『史記』問答

帝又問「司馬遷以受刑之故、内懷隱切、著史記非貶孝武、令人切齒」對曰「司馬遷記事、不虚美、不隱惡。劉向・揚雄服其善叙事、有良史之才、謂之實録。漢武帝聞其述史記、取孝景及己本紀覽之、於是大怒、削而投之。於今此兩紀有録無書。後遭李陵事、遂下遷蠶室。此為隱切在孝武、而不在於史遷也」
(『三国志』王粛伝)

有名な王粛と魏明帝の問答。
明帝によれば司馬遷は刑を受けたから『史記』において漢の武帝を貶めたのだという。
王粛の反論によれば『史記』の景帝・武帝の本紀を武帝が見て激怒し、その二つを抹消してしまった。そのために今もその二篇は目録があっても実際の書が無い状態なのだという話を出し、司馬遷は恨みで記述を曲げるような人物ではなく、武帝についての記述は刑を受ける前からのものだとしている。

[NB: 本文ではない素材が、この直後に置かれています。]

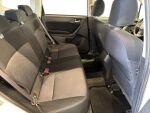 Subaru Forester 2016 Valkoinen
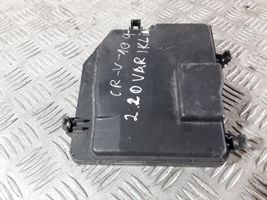 Honda CR-V Fuse box cover SWYE01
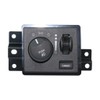 For Dodge Ram 1500/2500 / 3500/4500 / 5500 Headlight Switch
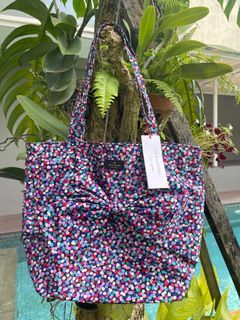 Totebag KATESPADE on purpose JUAL RUGI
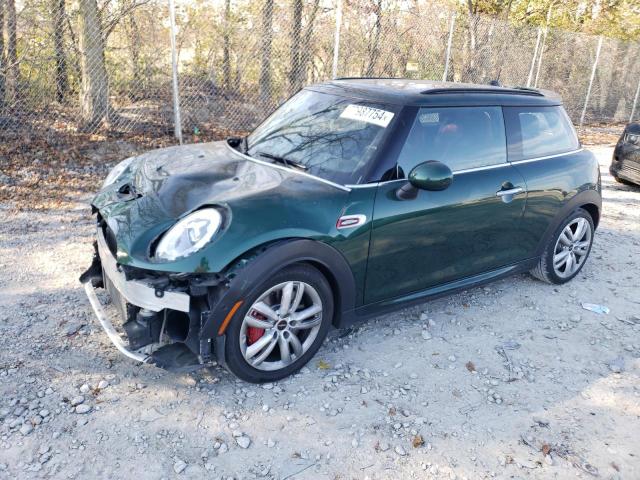 2018 MINI COOPER JOH #3024706591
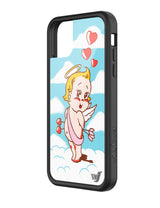 Lil Angel iPhone Case from Wildflower Cases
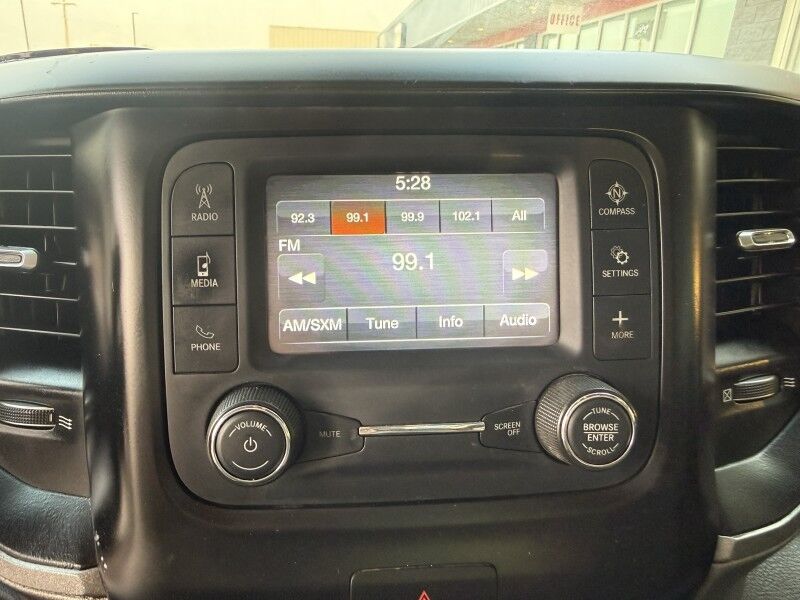 2019 Ram 5500 Tradesman Collinsville OK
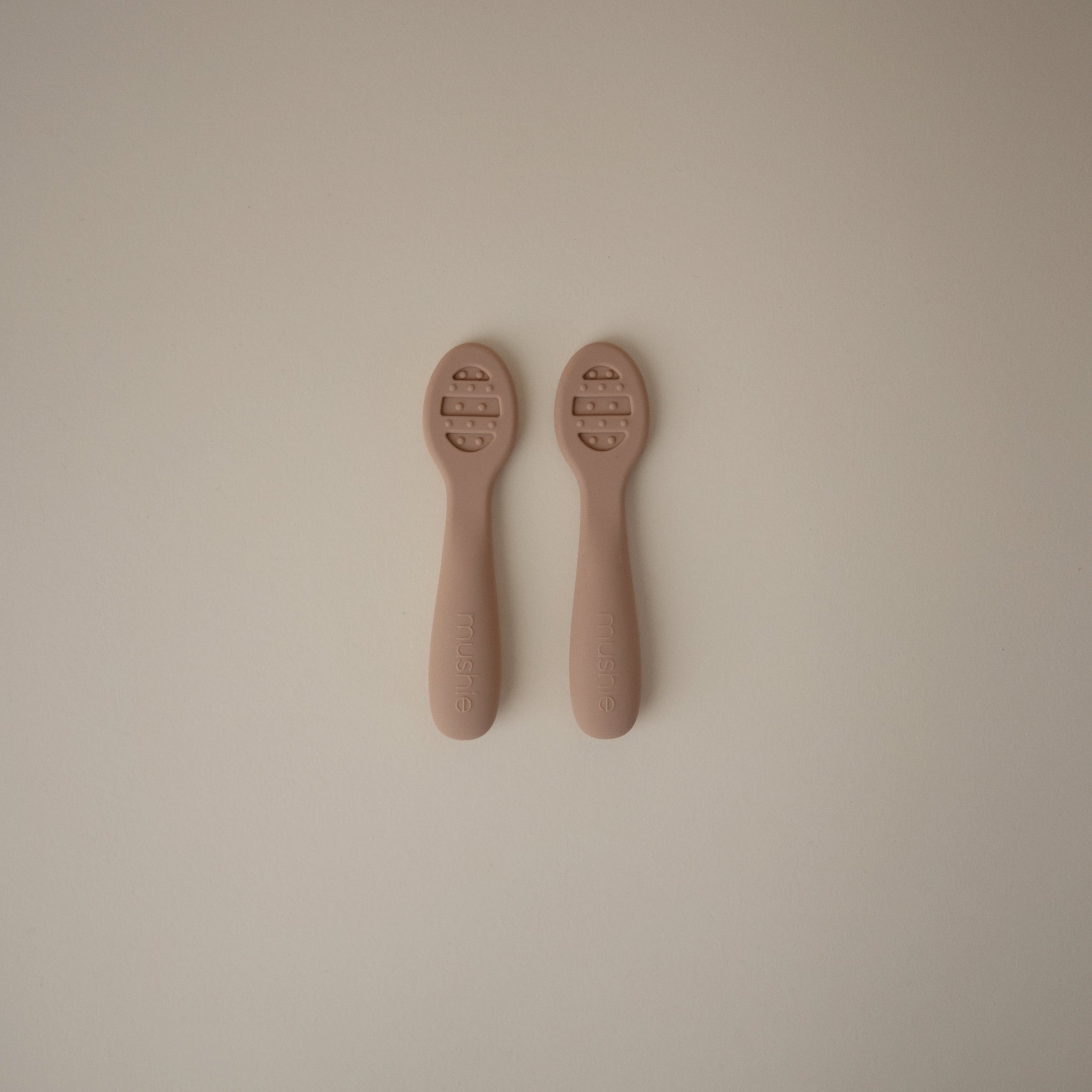 First Feeding Baby Spoons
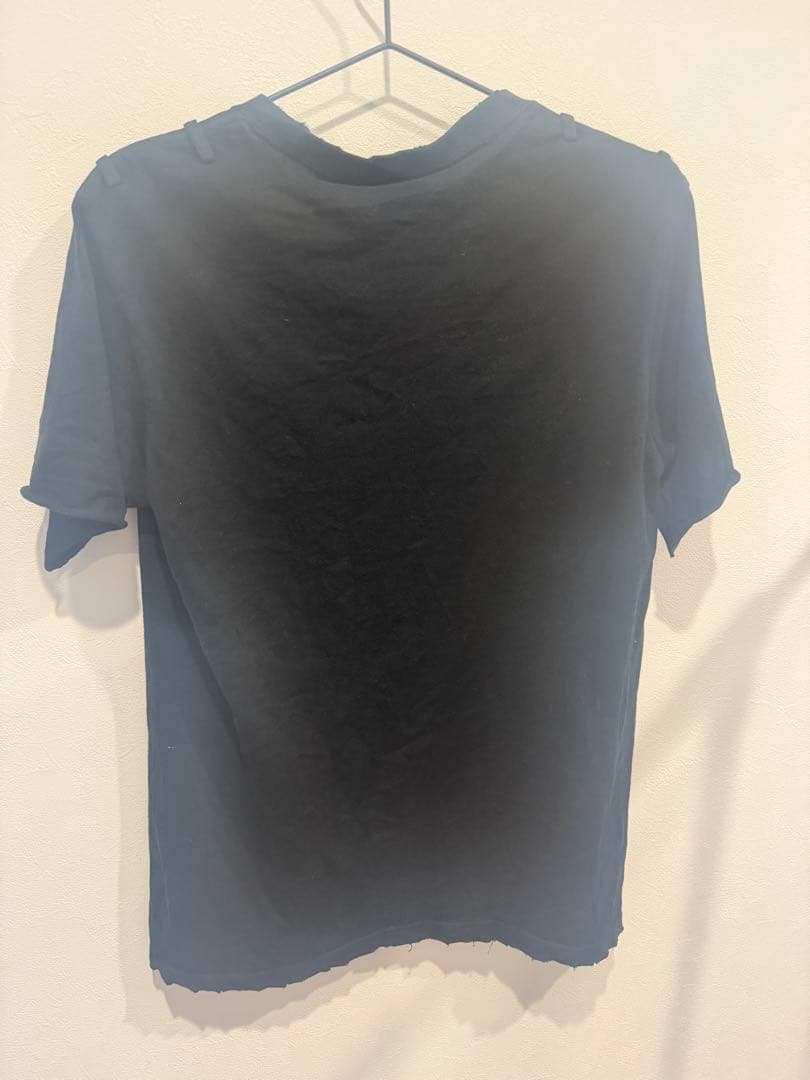 number nine tシャツ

臣下と対立した明帝が、自分の悪評は刑罰を受けた臣下が恨んでやったことではないかと言い、王粛はそういう評判があるならそれは臣下の恨みではなく明帝自身に問題があるのだと暗に言っているわけだ。

明帝と大臣たちの険悪な関係が垣間見えて面白い。


もう一つ面白いことがある。
「於今此兩紀有録無書」ということは、当時は孝景本紀・孝武本紀は『史記』の本文に含まれていなかったのだろうか。
だとしたら現行本『史記』にある両本紀は、いったいいつ生まれたものなのだろうか。